Sure, cinema chairs are kind of comfortable but you have to switch positions every once in a while not to hurt that spot on your back. And there just isn’t enough space for your jacket that you brought either, right? It’s always kind of a comfort-compromise going to the cinema.
What if you could lay down with pillows and blankets — sort of like a cinema picnic. You cozy up with your partner or group of friends and truly relax while watching your movie. Even if it gets packed people will naturally seat themselves close enough for a lot of people to get inside but far away enough for comfort.
The Red Carpet seeks to explore the anti-gravitational possibilities of the mysterious space under the bridge — unusual architecture for an unusual place.
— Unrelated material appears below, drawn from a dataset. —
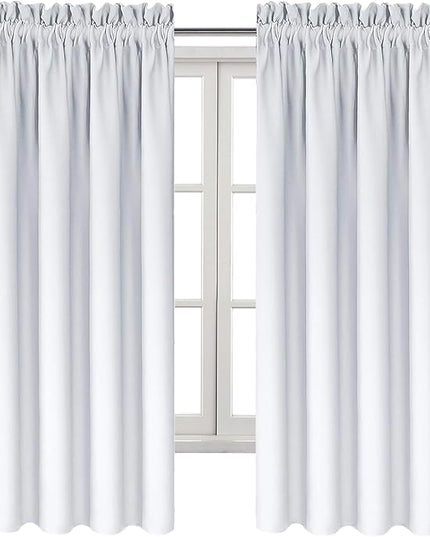 DWCN Blackout Curtains for Bedroom - Thermal Insulated Privacy Energy Saving Rod Pocket Drapes for Living Room, W 38 x L 63 Inch, Greyish White, Set of 2
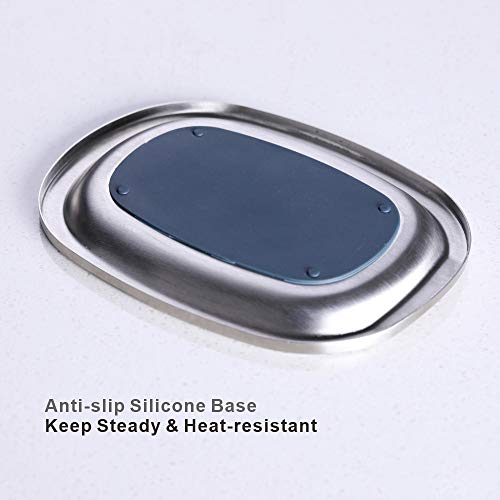 Kitchendao SPOON REST With Non-Slip Silicone Pad For Stove Top Kitchen Counter, 18/8 Stainless Steel Spoon Holder, Extra Large Resting Area thumb #3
With the bridge acting as a roof and with heavy supports counteracting the gravitational forces architecture is permitted to fly under the bridge.
On the south side under the Tolbuhinsky Bridge The Red Carpet floats suspended in air utilizing supports only from the hanging structure that connects it to the bridge. It’s an outdoor cinema looking to expand the cinematic experience. Like a whirling carpet frozen in time it flows in natural shapes to create seating for movie watchers. The seating area connects to a commercial building which houses a reception including snacks and drinks, toilets and a pillow and blanket washing room. This ground-anchored building borrows the
expression of the seating landscape to create a consistency in the design and for the building to blend in with the seating landscape’s formal language.
It’s a new kind of cinema that blends the organized space of an indoor cinema with the more communal experience of an outdoor one. With tables for drinks and snackholders the uninterrupted landscape acts as a facility able to hold groups of every size that might find its way to the cinema.
The bridge crosses a river so why not take advantage of it by giving customers the chance to experience the movie in the water. In conventional cinemas there is the problem of arching your neck when you are seated in the front which isn’t very comfortable. Here you can lie down in the water. You can lay down anywhere in fact if it feels more comfortable. You could even bring a floating mattress if you don’t want to get very wet but still want to float in the water.
When you’ve bought your ticket, drinks and whatever else you wish to bring you reach the top of the stairs; you take off your shoes and bring them with you as to not unnecessarily dirty the floor. You take your pillow and blanket, find your favorite spot and sit or lay yourself down with your partner or friends. Even though it is outside it’s almost as it becomes more of an inside activity than a conventional cinema. You take off your shoes and get a more intimate and comfortable experience. Here the formality of taking your pre-specified seat and stiffly sitting there the entire movie is removed, and you may choose to sit or lie down as you please.
David is a 21 year old architecture student currently on summer break in his home town Sundsvall.